How does art relate to the environment in which it is produced? And what should we know about that environment in order to understand the art that "comes out" of it? Contextually oriented throughout, Joshua Shannon's The Disappearance of Objects argues that key players in the post-abstract-expressionist art of the early 1960s were keenly aware that the character of New York City was changing around them. Even as they tenaciously held on to the clunky materiality of the older industrial city, Claes Oldenburg, Jasper Johns, Robert Rauschenberg, and Donald Judd found themselves responding to the newly streamlined flow of traffic, goods, and capital that heralded the arrival of postmodernity. Devoting a chapter to each artist, and large parts of those chapters to contemporary developments in such areas as transportation systems, urban renewal, consumer packaging, and containerized shipping, Shannon lucidly makes a case for viewing "junk art," as it has been called, as the material product of living directly in the path of a dematerializing juggernaut.

Glass towers, super-block residential high-rises, urban expressways, and the displacement of manufacturing by the financial sector represent for Shannon the leading edge of a widespread thrust toward an engineered abstract order that these artists, based in the semi-chaotic flux of Greenwich Village and the downtown loft district, opposed only partially. Shannon claims that "this art's obsession with urban detritus was both a willful resistance to New York's transformation and a grudging acknowledgment of the new urban texture of flow and sleek homogeneity" (5). While this push-and-pull of repulsion from and attraction to the city's newness is widely regarded as a hallmark of modernism, it works pretty well as an entrance point for Gothamized postmodernity, too. Shannon makes a strong case for the period around 1960 as a liminal moment, giving a more scholarly substance to the thesis announced in the title of Fred Kaplan's recent book 1959: The Year Everything Changed. Clearly and persuasively written, The Disappearance of Objects is handsomely produced and contains forty-eight color and 141 black-and-white illustrations, making it a pleasure to read and learn from.

Postmodernity moves in mysterious ways.
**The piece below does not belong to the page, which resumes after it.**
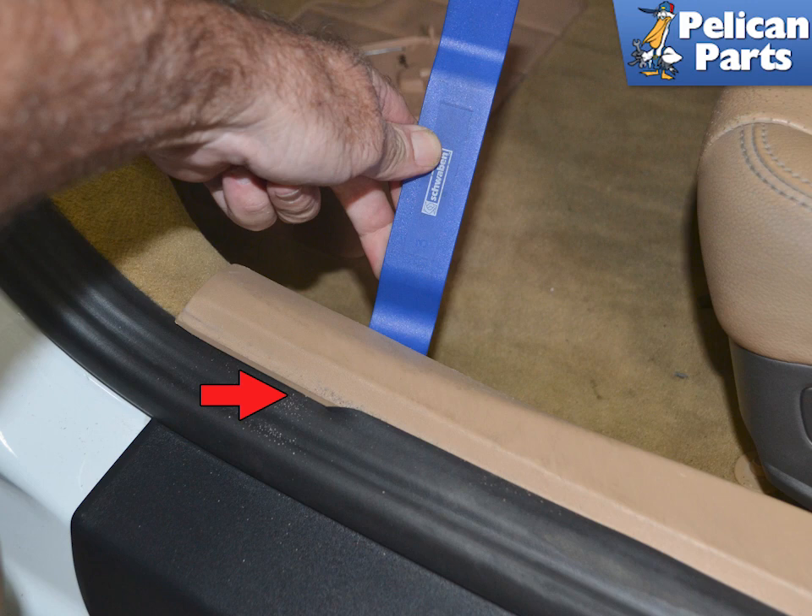Use a trim removal tool and starting at one end, lift the plate away from the vehicle. Once you get it started, you can get your hand underneath it and pull it straight up. You will need to clear the molding as you go.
In his influential epic poem Paterson (1946-1958) William Carlos Williams had proposed that poets go to the basic materials of life around them not only for their subject matter, but also their imaginative possibilities: "No ideas but in things." But in the wake of abstract expressionism, New York artists turned toward ordinary, everyday objects in an effort to do the opposite: to make an art that would explore the possibility of "pure" materiality; such art would take a stand against meaning, interpretation, transcendence; it would represent only itself. Early on, Shannon quotes Rauschenberg as saying, "I don't want a picture to look like something it isn't. I want it to look like something it is." Or as Judd put it, "I'd like [End Page 685] a work that didn't allude to other things and was a specific thing in itself"(3). While admitting that "there can be no object without ideas attached" (7), Shannon points out that he takes the artists' literal, material emphasis seriously, as the cue for his careful historicizing of both the art and the objects used to make it.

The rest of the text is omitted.